I wanted you to persuade me back then when I'm not in the mood. I wanted you to be consistent of greeting me "Good morning" and "Goodnight" or just an "I love you" everyday wouldn't hurt, right? I wanted you to greet me on time whenever our special day comes. I wanted you to spoil me with your love and attention. I wanted you to be more understanding whenever I was dealing with my mood swings. I wanted you to be honest with me because I was just here willing to understand, as always. I wanted you to do your part as my boyfriend.
You knew I wasn't into expensive and lavishly gifts. I just want your time, your effort, your consistency, your love and attention. I wanted a simple movie date with you. I wanted to receive a simple hand-written letter coming from you. I wanted to have a long walks with you. I wanted us to star-gaze at night and enjoy each other's company. I wanted us to have an adventure together, where I can hold your hand and where you can hold mine. I wanted you to know me and my family more because I knew they would like you. I wanted the old-school. But you were different.
Despite of your paucity of being an old-school, I accepted you. You were the opposite of what I wanted but it was okay because not every people are same.
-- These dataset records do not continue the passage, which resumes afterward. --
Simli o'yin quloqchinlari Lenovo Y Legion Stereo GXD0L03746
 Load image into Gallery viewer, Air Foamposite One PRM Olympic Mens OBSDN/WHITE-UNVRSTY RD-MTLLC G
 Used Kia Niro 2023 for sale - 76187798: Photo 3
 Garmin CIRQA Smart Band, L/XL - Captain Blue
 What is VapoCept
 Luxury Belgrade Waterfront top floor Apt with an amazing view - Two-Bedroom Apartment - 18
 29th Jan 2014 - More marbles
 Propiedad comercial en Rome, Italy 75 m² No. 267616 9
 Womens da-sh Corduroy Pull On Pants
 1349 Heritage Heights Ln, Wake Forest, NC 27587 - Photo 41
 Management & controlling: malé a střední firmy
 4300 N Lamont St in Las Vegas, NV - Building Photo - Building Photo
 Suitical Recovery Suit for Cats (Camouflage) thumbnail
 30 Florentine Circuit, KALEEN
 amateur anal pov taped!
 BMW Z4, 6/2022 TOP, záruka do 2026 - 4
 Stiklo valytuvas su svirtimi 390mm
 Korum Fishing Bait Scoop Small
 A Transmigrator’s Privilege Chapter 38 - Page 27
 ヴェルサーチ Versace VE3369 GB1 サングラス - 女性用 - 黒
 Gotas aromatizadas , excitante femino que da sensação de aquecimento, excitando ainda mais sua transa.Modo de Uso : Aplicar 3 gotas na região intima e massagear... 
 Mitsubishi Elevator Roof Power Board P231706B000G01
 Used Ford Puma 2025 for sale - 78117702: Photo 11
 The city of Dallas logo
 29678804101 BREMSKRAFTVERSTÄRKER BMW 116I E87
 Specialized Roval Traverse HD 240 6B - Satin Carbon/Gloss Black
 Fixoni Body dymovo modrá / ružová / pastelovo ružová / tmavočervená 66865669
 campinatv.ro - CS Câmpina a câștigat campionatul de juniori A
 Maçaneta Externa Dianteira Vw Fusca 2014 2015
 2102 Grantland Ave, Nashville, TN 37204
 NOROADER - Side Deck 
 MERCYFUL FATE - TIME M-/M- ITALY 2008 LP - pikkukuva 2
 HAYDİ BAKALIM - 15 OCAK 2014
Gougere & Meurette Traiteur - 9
I was more patient and understanding to make our relationship longer even though it was not balance. But the longer we stayed, the more toxic you became and the more pain I felt. I stayed quite even though deep inside I wanted to scream because I wanted our relationship to work. I thought that if I could just endure it a little bit, we will surpass this 'little bumpy ride' we've got. But I was wrong, again.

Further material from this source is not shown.